_WORK INSTRUCTIONS_: Retype the records below word for word and omit any image.

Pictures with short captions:
Start of Block
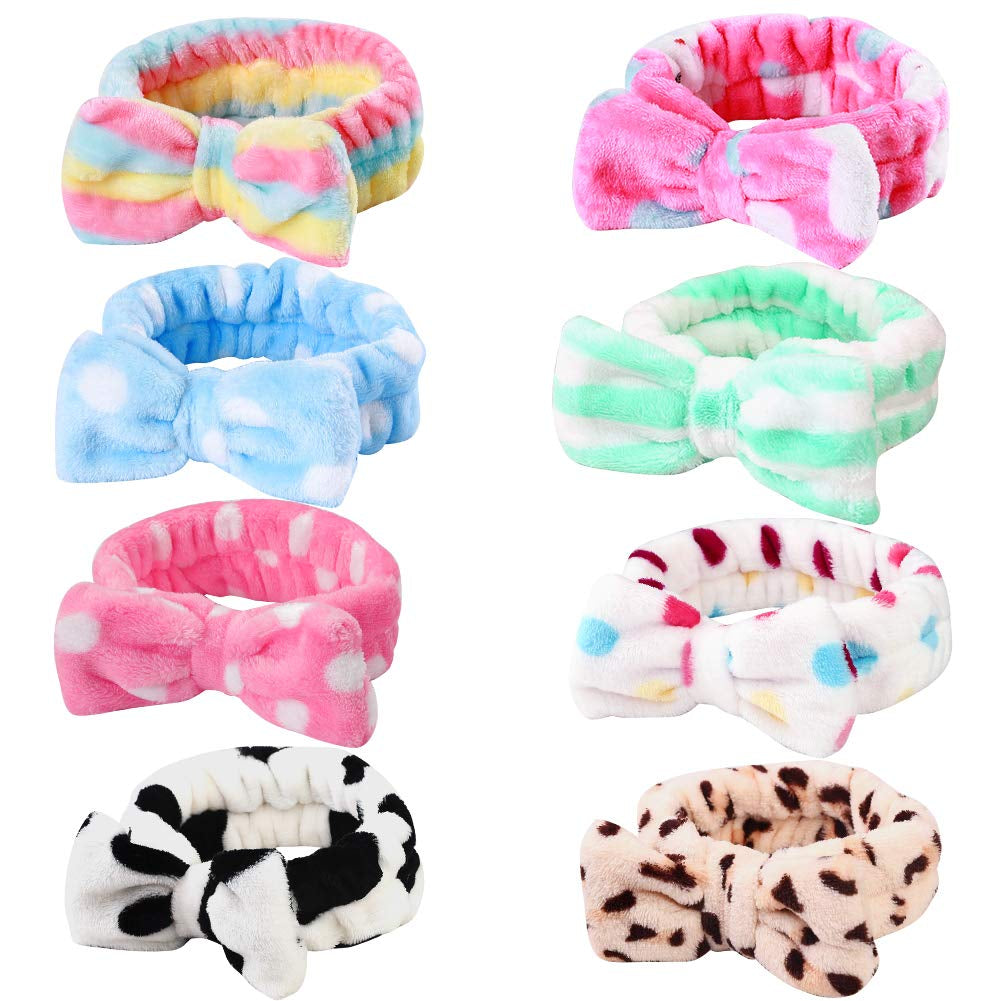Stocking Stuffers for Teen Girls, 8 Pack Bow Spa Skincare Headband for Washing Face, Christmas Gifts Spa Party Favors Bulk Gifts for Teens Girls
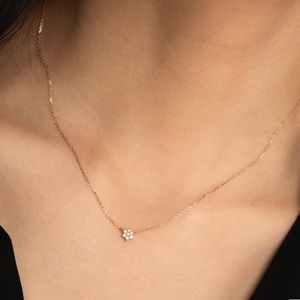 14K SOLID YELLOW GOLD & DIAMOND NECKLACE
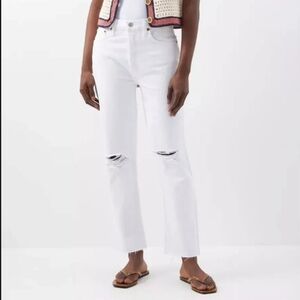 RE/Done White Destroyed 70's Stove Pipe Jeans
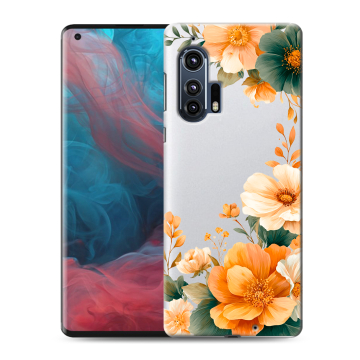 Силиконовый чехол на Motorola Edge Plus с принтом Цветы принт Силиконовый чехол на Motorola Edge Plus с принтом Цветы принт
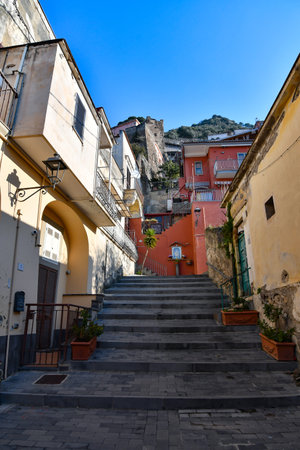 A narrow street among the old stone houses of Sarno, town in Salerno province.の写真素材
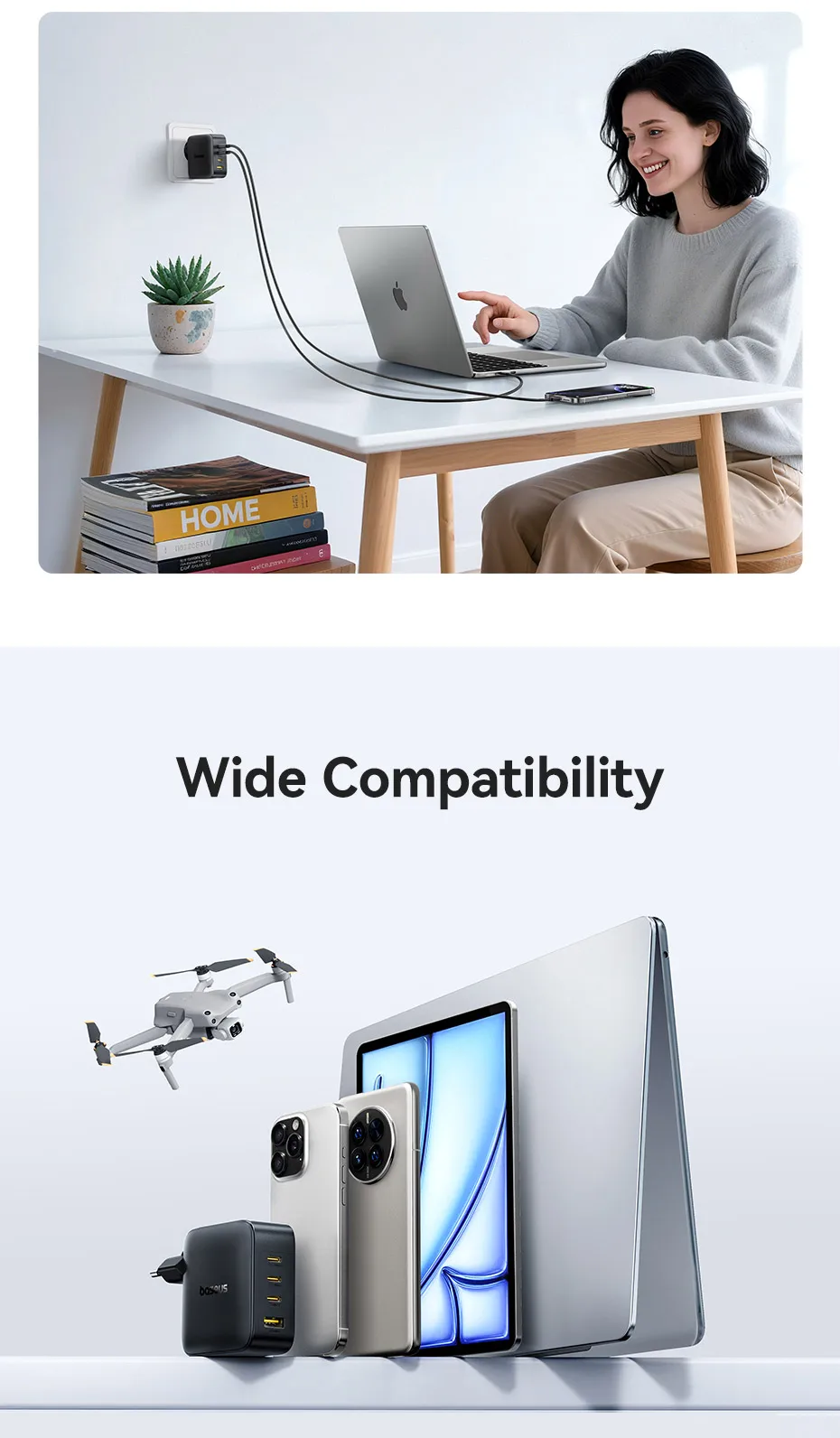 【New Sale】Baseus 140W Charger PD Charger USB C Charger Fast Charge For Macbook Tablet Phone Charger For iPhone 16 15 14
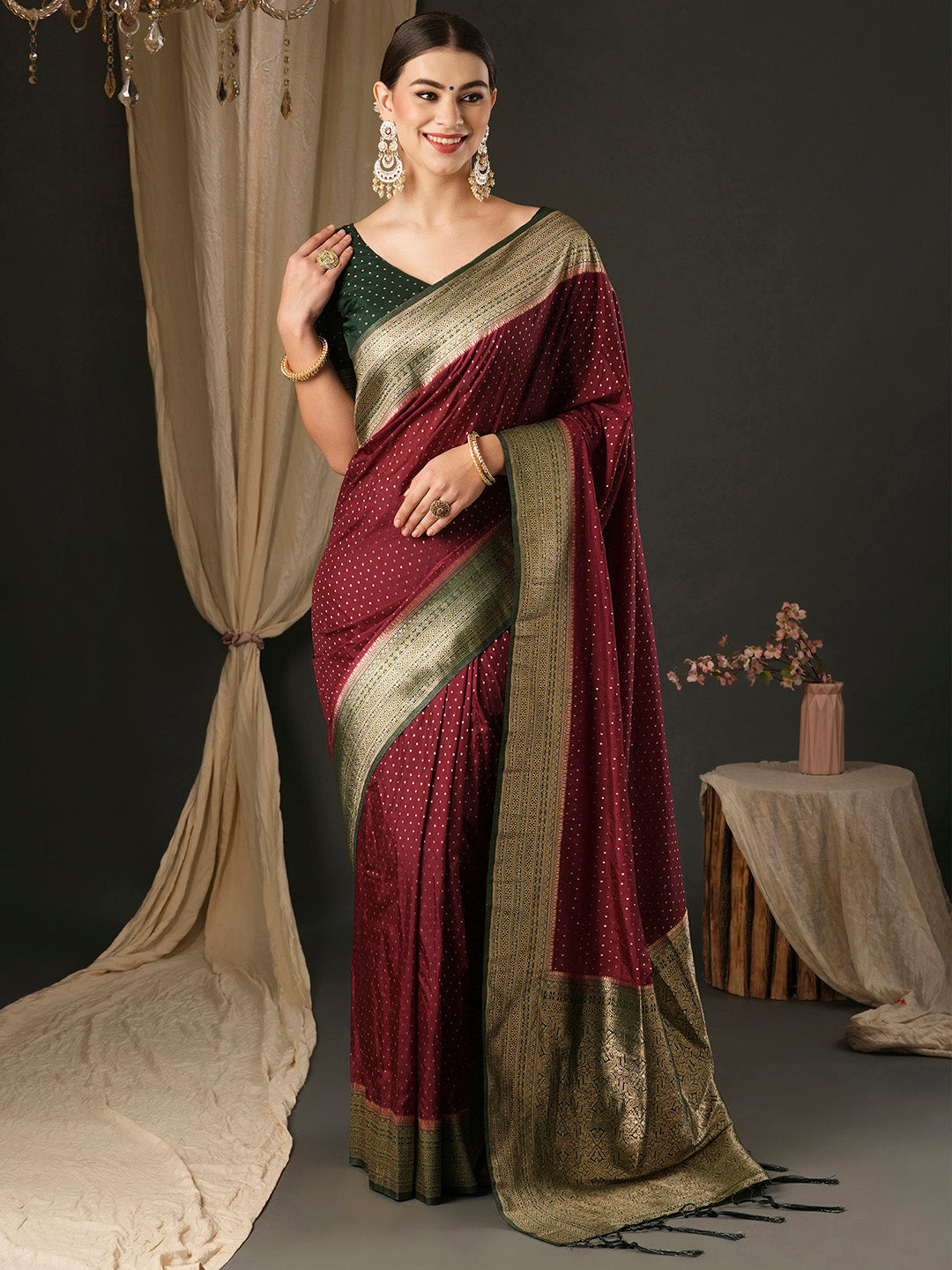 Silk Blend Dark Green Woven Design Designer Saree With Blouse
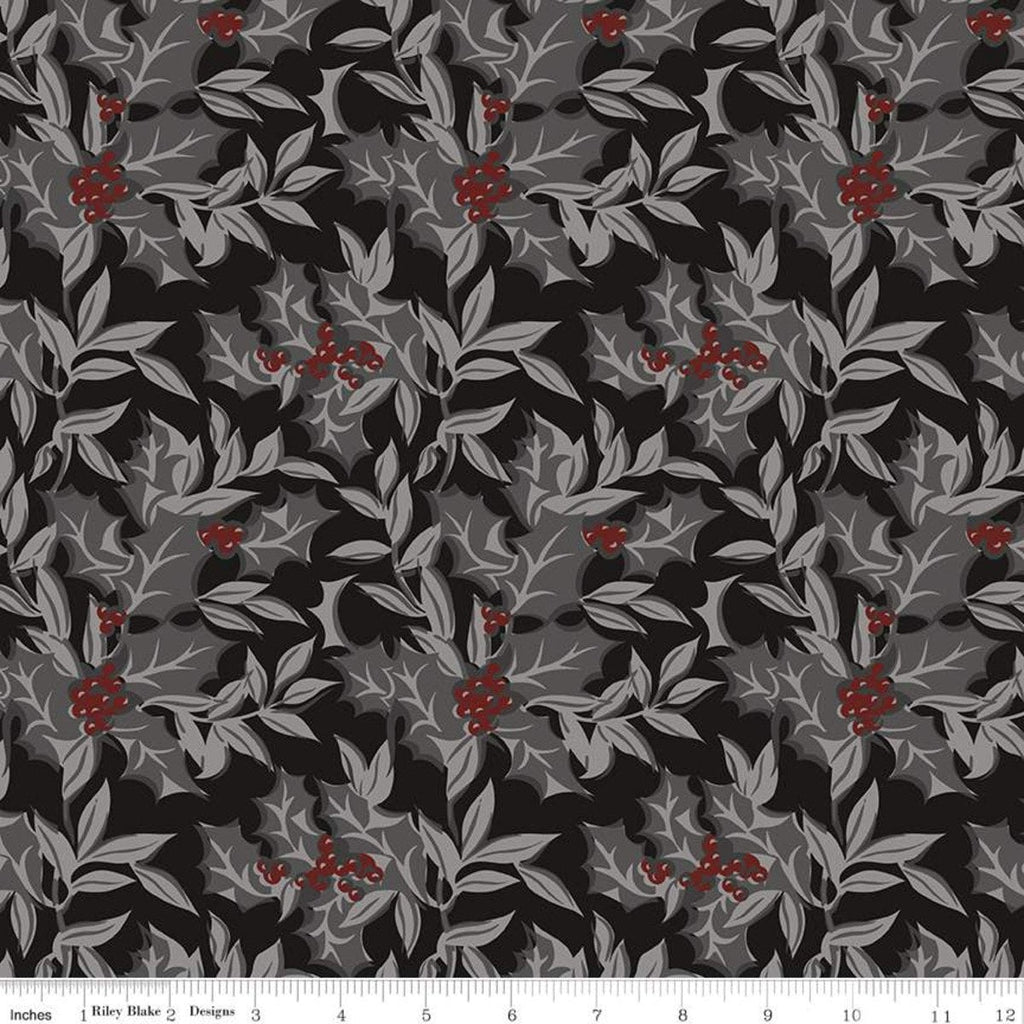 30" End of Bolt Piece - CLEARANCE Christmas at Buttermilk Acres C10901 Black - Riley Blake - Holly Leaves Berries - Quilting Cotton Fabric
End of Block
_SOLUTION FOR THIS EXERCISE_:
Stocking Stuffers for Teen Girls, 8 Pack Bow Spa Skincare Headband for Washing Face, Christmas Gifts Spa Party Favors Bulk Gifts for Teens Girls
 14K SOLID YELLOW GOLD & DIAMOND NECKLACE
 RE/Done White Destroyed 70's Stove Pipe Jeans
 Силиконовый чехол на Motorola Edge Plus с принтом Цветы принт Силиконовый чехол на Motorola Edge Plus с принтом Цветы принт
 A narrow street among the old stone houses of Sarno, town in Salerno province.の写真素材
 【New Sale】Baseus 140W Charger PD Charger USB C Charger Fast Charge For Macbook Tablet Phone Charger For iPhone 16 15 14
 Silk Blend Dark Green Woven Design Designer Saree With Blouse
 30" End of Bolt Piece - CLEARANCE Christmas at Buttermilk Acres C10901 Black - Riley Blake - Holly Leaves Berries - Quilting Cotton Fabric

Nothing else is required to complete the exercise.